Tecan also said that it plans to use the same distributor network it had previously to cover the Asia Pacific region.
“With a stronger presence and new facilities, we will be able to improve sales coverage, service, and support to all of our customers and partners in the entire Asia Pacific region,” Tecan Group CEO Thomas Bachmann said in a statement.
Beckman Coulter's Q3 Revenues Climb 13.4 Percent
Beckman Coulter reported this week that its third-quarter revenues rose 13.4 percent, while its profits slipped on charges.
The firm brought in revenues of $758.8 million for the three months ended Sept. 30, up from $669 million for the third quarter of 2007. Its clinical diagnostics sales increased 13.7 percent to $635.9 million from $559.1 million, and its life sciences sales rose 11.9 percent to $122.9 million from $109.9 million.
Within Beckman Coulter’s clinical diagnostics segment, chemistry and clinical automation sales jumped 12.2 percent to $220.4 million, cell analysis product sales increased 14.8 percent to $233.1 million from $203 million, and immunoassay and molecular diagnostics sales rose 14.3 percent to $182.4 million from $159.6 million.
“I am encouraged by balanced, above-market revenue growth across all major regions outside the US and diagnostics product areas,” Scott Garrett, chairman, president and CEO of Beckman Coulter, said in a statement.

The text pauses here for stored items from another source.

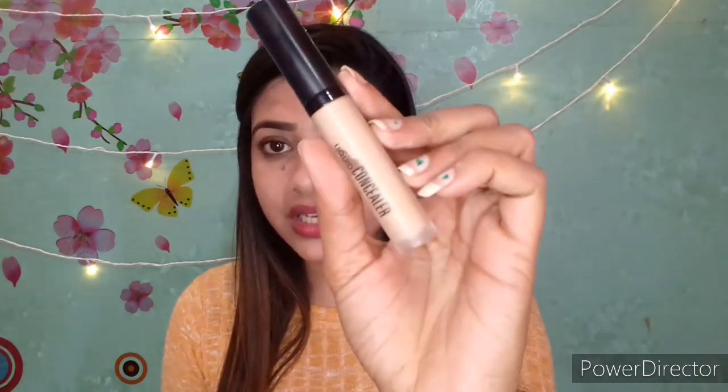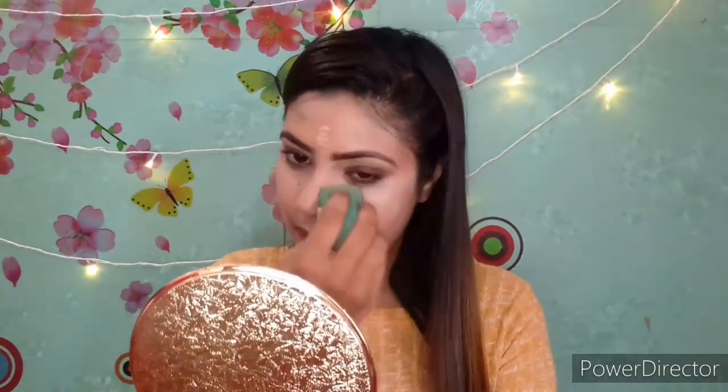Now you can see my face. Next I will use Swiss Beauty Concealer, and I will blend it with the same sponge. You can see my under-eye area is covered up — it was a little dark but not too much, and the foundation alone didn't cover it. So you can use a good concealer to cover your skin. Now my face is looking very glowing.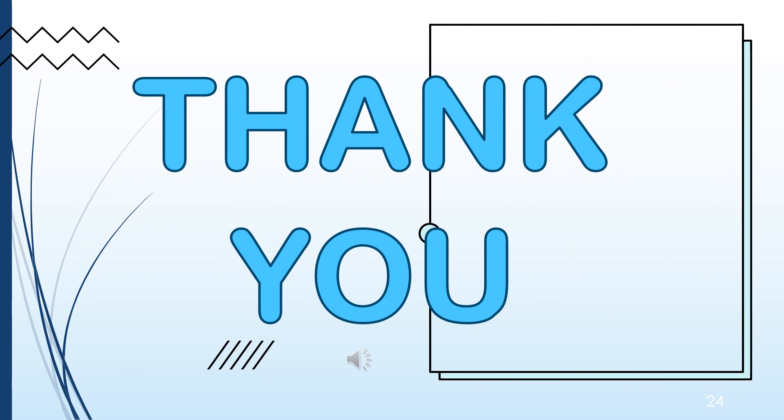Thank you for listening and watching. Enjoy doing your performance task assigned by your teacher.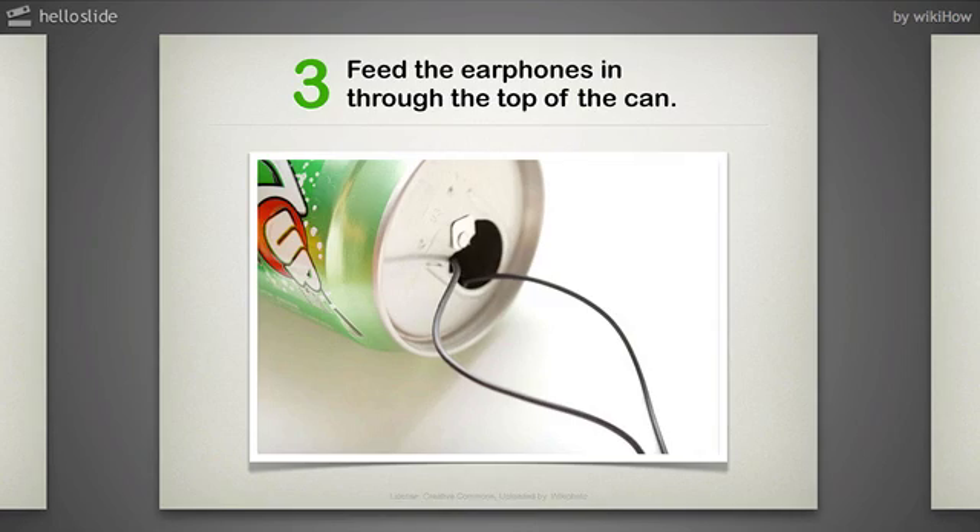Step 3: Feed the earphones in through the top of the can — through the drinking hole of the can. If you want, they can be taped in place to prevent them from moving about, but this is probably only needed if you're moving, such as in a bike pannier or in the car. See how the earphones sit before taping them.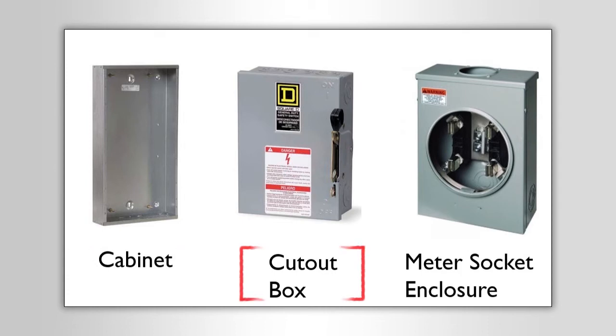This is where a lot of people get really confused. When I was first getting into the code, I thought a cut-in box and a cutout box were the same thing. A cut-in box is where you cut a hole in the drywall and put a box in it — that's regulated by Article 314, it's just an outlet box or device box.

Beckman Coulter posted a profit of $26.1 million, or $.41 per share, versus a profit of $60 million, or $.93 per share, for the third quarter of 2007. This year’s third-quarter results include a $19 million environmental remediation charge related to its Fullerton, Calif., site.
In addition, the firm took a $7.8 million restructuring charge during the quarter versus a restructuring charge of $3 million in the comparable period of 2007.
Beckman Coulter’s SG&A expenses increased around 15 percent to $209.2 million from $181.5 million, and its R&D spending rose roughly 25 percent to $74.8 million from $59.9 million.
The company finished the third quarter with $71.4 million in cash and cash equivalents.
Garrett said that based on current exchange rates, the firm expects full-year revenue growth of 12 percent to 13 percent. The company expects FY 2008 EPS of between $3.55 and $3.65.